Interviews with more than 2,700 adults over the age of 18 revealed that nearly three-quarters of them said they were struggling with debt, and it was a “high” or “moderate” source of anxiety for 40 percent of them. Almost half of those interviewed were carrying at least $25,000 in debt, and the average debt load was $37,000, excluding mortgages. More than 1 in 10 owed more than $100,000, and 45 percent of those carrying debt were spending half their monthly income on debt repayments.
And yet still we spend.
The individuals surveyed by Northwestern spent on average 40 percent of their income on non-essential items, such as travel, entertainment, eating out and hobbies, despite saying they felt anxious about their financial futures.

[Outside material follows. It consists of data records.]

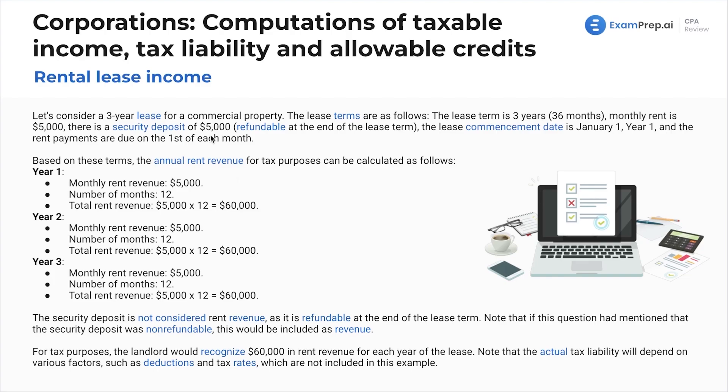The treatment of the security deposit could be a trick on this question. Security deposits are not considered rent revenue because the deposit is refundable at the end of the term. Note that if it had been non-refundable, it would be included as revenue.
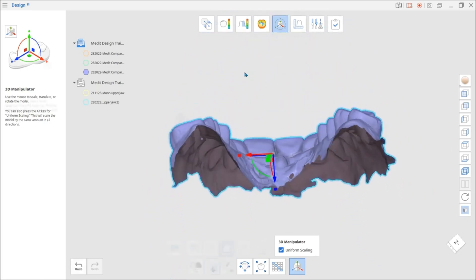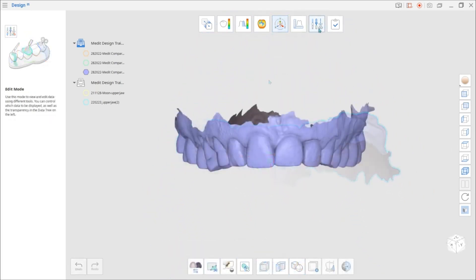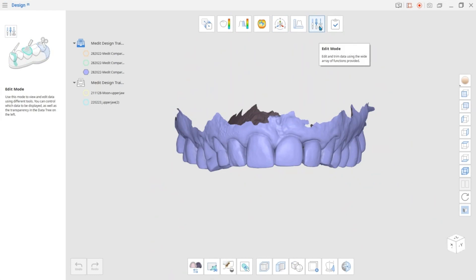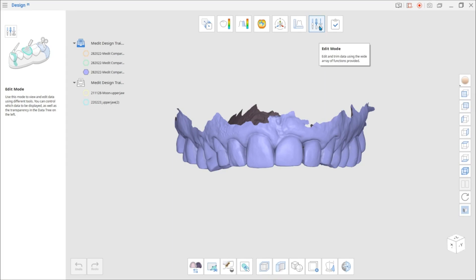And the last mode that we are going to look at is the Edit mode. We provide a wide variety of tools that can be used to view, trim, and edit data.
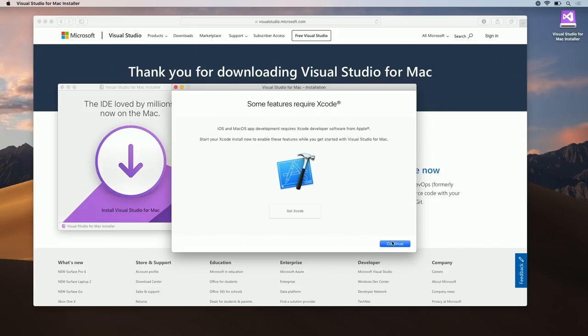If your installation included Xamarin components or any other components that require Xcode, you may be requested to install it. To do this, click Xcode to open the Mac App Store. Otherwise, go ahead and click continue.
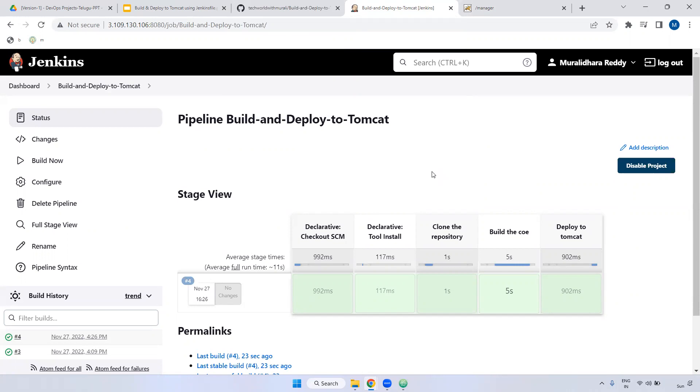I mean, that Jenkinsfile, whether you are storing the Jenkinsfile inside the bit bucket or you are directly declaring all the steps inside the Jenkins job. This type of question, they may ask questions also. And remember again and again telling.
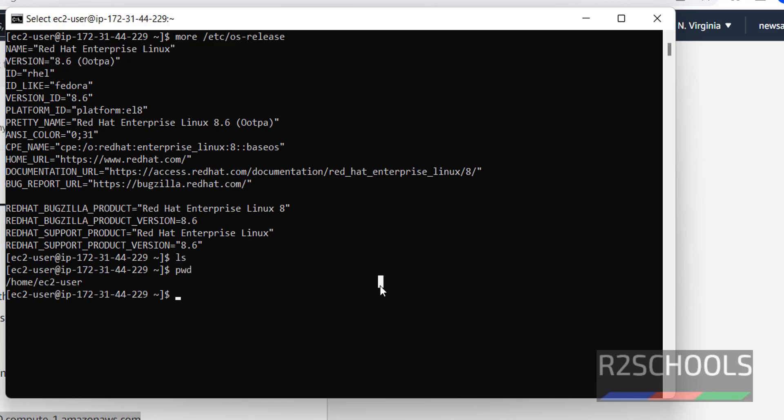So, in this video we have seen how to create, launch or setup AWS EC2 instance for RHL or Red Hat Enterprise Linux step by step. For more AWS or cloud or Linux videos, please subscribe my channel. Thank you.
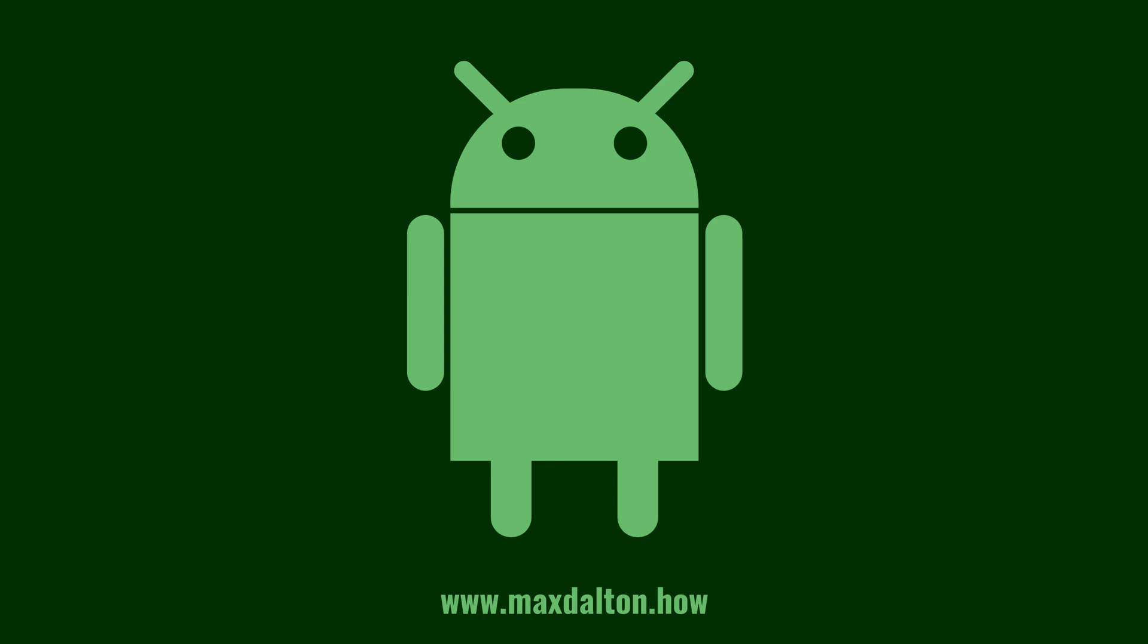Let me know if this video helped you out in the comments below. If you liked what you saw here, click the video links on the right side of the screen to check out another video, or click the logo on the left side of the screen to check out my tutorial website at www.maxdalton.how.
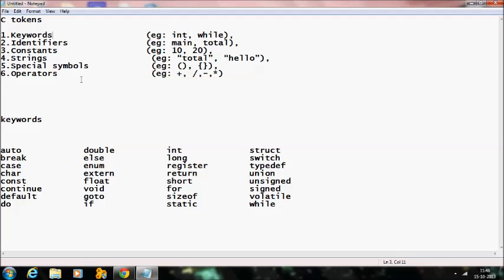Special symbols may be a round bracket, flower braces, or square braces, etc. Operators may be addition (plus), subtraction (minus), division, multiplication, etc.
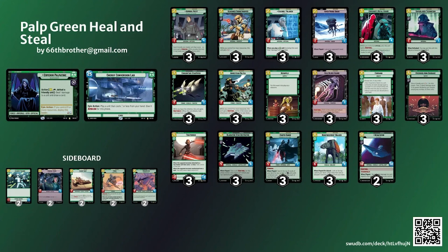Hey Star Wars Unlimited Darkside fans, this is the 66 brother of the Luftwulfpack posting a deck tech for my Palpatine deck. I am calling it Heal and Steal, it's a mono green Palpatine deck.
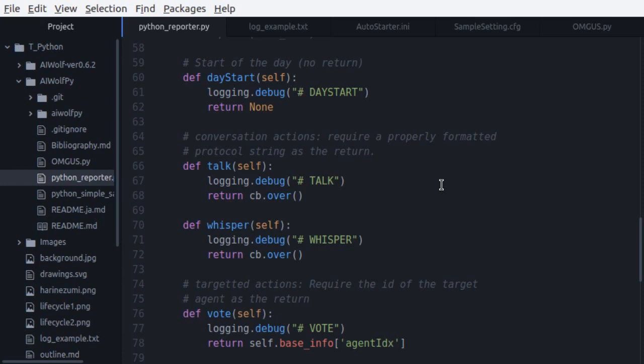These functions are used to let the server know what your agent wants to say. Again, talk is used by all agents, but whisper is used only by werewolves. So, what can your agent say? That depends on the game configuration. This function expects you to return a string. If the server is configured to accept any strings, you can make your agent say whatever you want. On the other hand, by default, the server is configured to require messages to follow the AIwolf protocol, and will reject any message that does not follow that protocol.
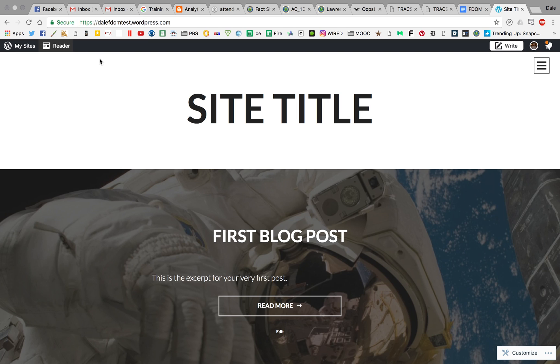Hey everyone, this is Dale and I want to walk you through the process of creating a new page on your blog and also incorporating that into a menu.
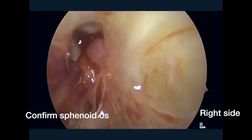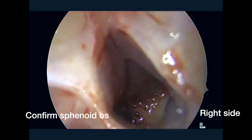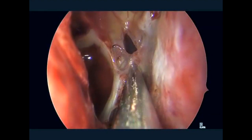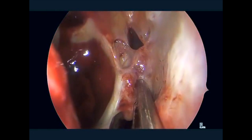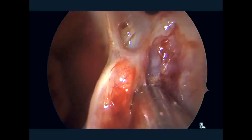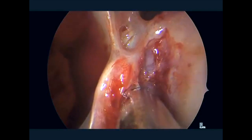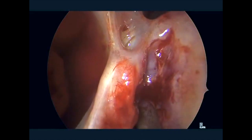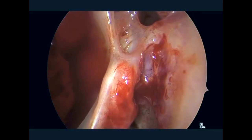Here you see a zero-degree endoscope in the right nasal cavity. This is the prior sphenoid opening demonstrated on the right side, with an open maxillary antrostomy, and you can see scarring inferiorly along the sphenoid face as well as superiorly. We started by revising some of the scar around the opening in order to better identify the pedicle of the posterior septal artery.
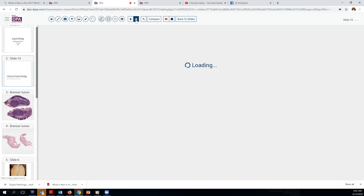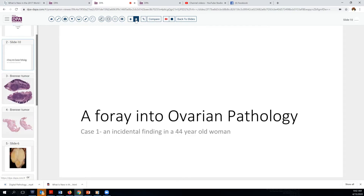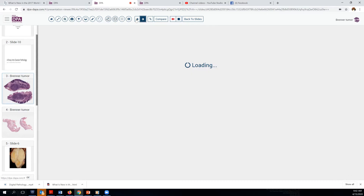For today, we're going to take a little foray into ovarian pathology, and our case is actually that of an incidental finding. A 44-year-old woman had an oophorectomy along with a hysterectomy for other causes, and on examination of the ovary, a small mass lesion was identified in the parenchyma.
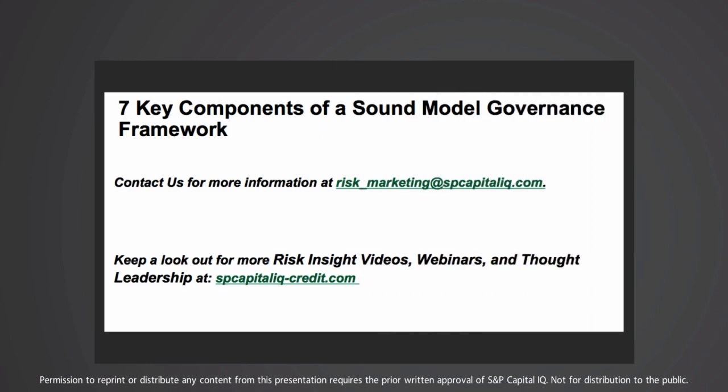In summary, in the current environment of heightened regulatory scrutiny, there is a need for a sound model governance framework — it's more crucial than ever. However, we believe that focusing on these seven components, covering all phases of a model lifecycle — development, implementation, and ongoing performance monitoring — provides a roadmap towards avoiding some of the most frequently seen critical regulatory concerns on model governance. That's all for today; if you are interested in learning more about this important topic, you can contact us using the information on the screen. Again, this is Rad Lukic, and thanks for watching.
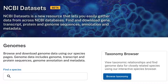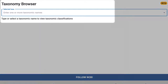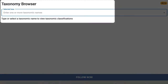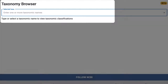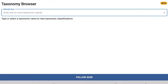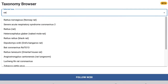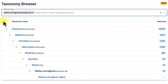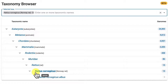Starting on the Datasets homepage, click the Browse Taxonomy button. The taxonomy browser allows you to search by any taxon name or rank, common or scientific. I'll search with RAT and choose Norway RAT. You can easily view the taxonomic context or lineage of your taxon and click on the species name to find data for that organism.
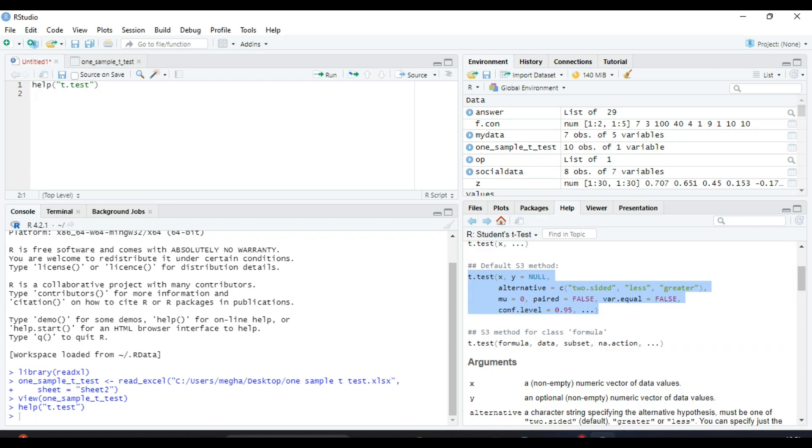We will write t.test, bracket. The first value is x, that means the variable that we have to use. Here our variable name is one_sample_t_test.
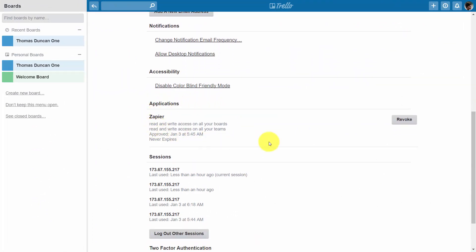Now if you have given a particular application through power-ups some access to your account, you can actually decide that that application is not going to have further activity with your account and you can click the revoke button. It doesn't mean that you won't be able to come back and then re-establish it, but it'll just mean that currently you're not giving this application any access to your Trello account.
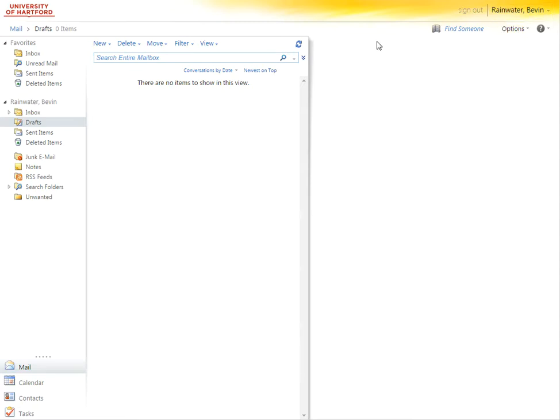First of all, you're going to go into your account. You're going to log in using your University of Hartford email and your password.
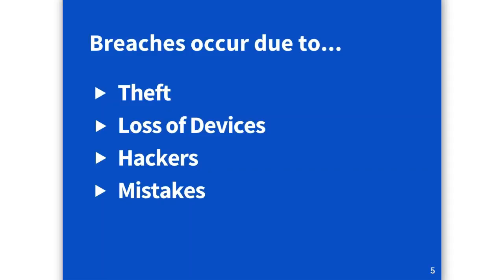And then the one that captures everything is mistakes. I wish I could say I never made any mistakes, but unfortunately we all make mistakes and sometimes those can be very detrimental to our HIPAA compliance.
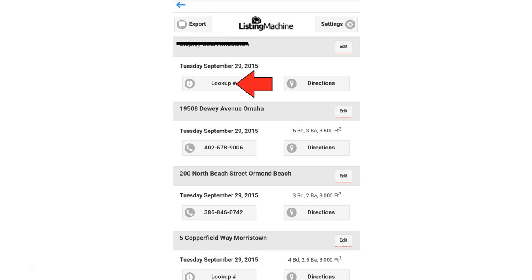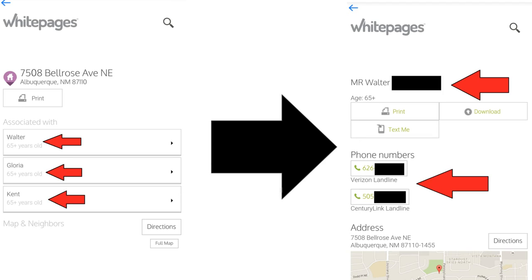Another really cool feature within the Client app is if you're not getting a lot of phone numbers from people, you can look up additional phone numbers simply by clicking on Look Up Phone Number. It'll list every homeowner associated with that address, and with the click of a button, you can pull up additional phone numbers for either a cell phone or a landline.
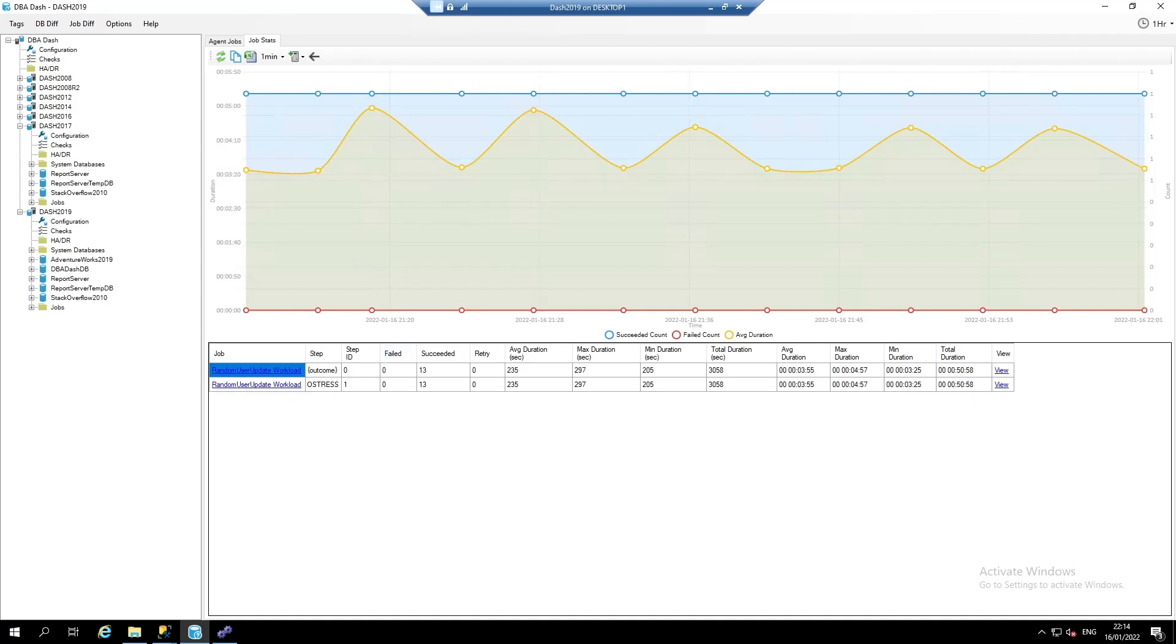DBA dash also has some Azure specific performance capabilities and other features not highlighted in this demo. DBA dash is a free and open source tool, and I hope you find it useful.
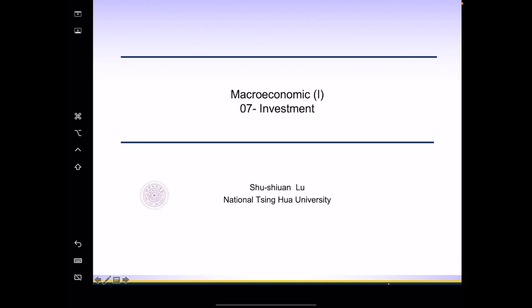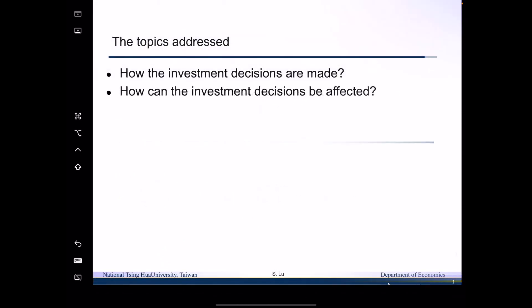Hello everyone, welcome back to the class of Macroeconomics. In today's lecture, we are going to talk about investment. We are going to address two main topics: how investment decisions are made, and how investment decisions are affected.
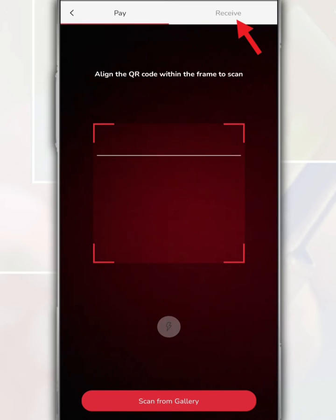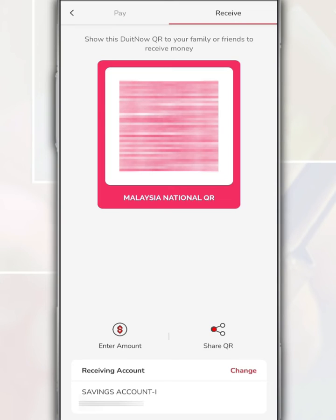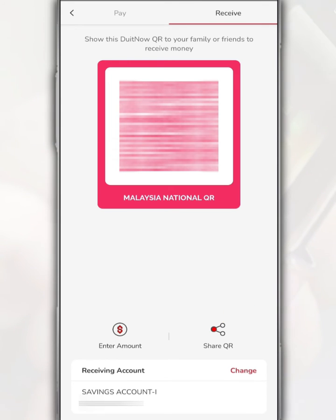After that, tap Receive. This QR code image can be saved to be scanned later. Either you just screenshot this page, or you tap on Share QR Code and share this QR code image with others either through WhatsApp, Telegram or email.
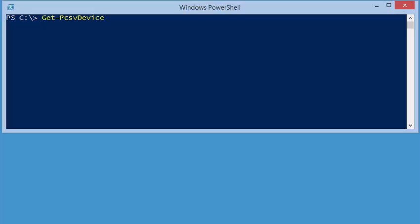I could use the backspace key, but you can see that it would take an awful lot of backspace pressing in order to remove the P words so that I could go back in and type GET PROCESS.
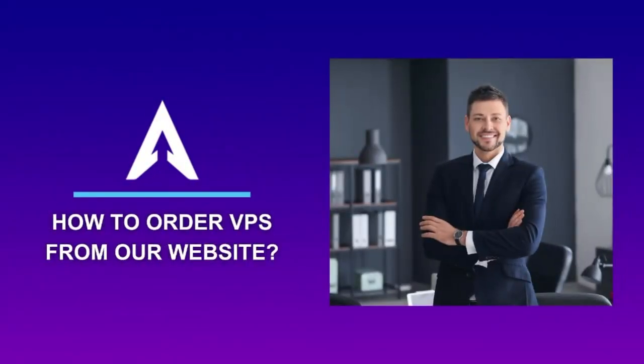Hey everyone, this is Steve from WebAiri. Today, I'll guide you on how to order a VPS through our website.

“We have fueled a consumerism with easy credit, advertising and social media, and people don’t understand the financial trade-offs involved in their spending,” said Rebekah Barsch, director of financial planning at Northwestern Mutual. “There’s all kinds of ways to get into debt and relatively fewer ways to get out of it.”
There are ways out, however. Here are five ideas and/or strategies that financial advisors use to help clients with large amounts of debt improve their financial outlook.
1. Don’t beat yourself up.
A heavy debt load can lead to a sense of helplessness for borrowers. Many are ashamed of their situation and would rather ignore the problem than face it.
“Debt can be debilitating,” said financial advisor Lazetta Braxton, founder and CEO of Financial Fountains. “There’s a lot of guilt and shame involved, and when someone is in that drift zone, it can be debilitating.”
Braxton, a certified financial planner, says that most people are relieved just to talk about the situation openly. “I don’t overemphasize the issue. I just treat it as part of the financial planning process,” she said. “Once people get a full picture of their situation and develop a plan to deal with it, they feel good about making a clean start.”
Don’t feel helpless and ashamed. It will only make matters worse. Talk to your financial advisor if you have one, or book an hour with a debt counselor to talk things through.
2. Take inventory and prioritize.
What kinds of debt do you have? Take an inventory of all the balances you owe, the interest rates they carry and the minimum payments required to avoid higher interest charges.
Once you have a clear picture of your situation, you can prioritize which debts to attack first. The rule of thumb is to pay your minimums on all obligations, then focus on paying down the high-rate debt (usually credit cards) as opposed to low-rate debt, like a student loan or mortgage. Unfortunately, emotion often comes into play.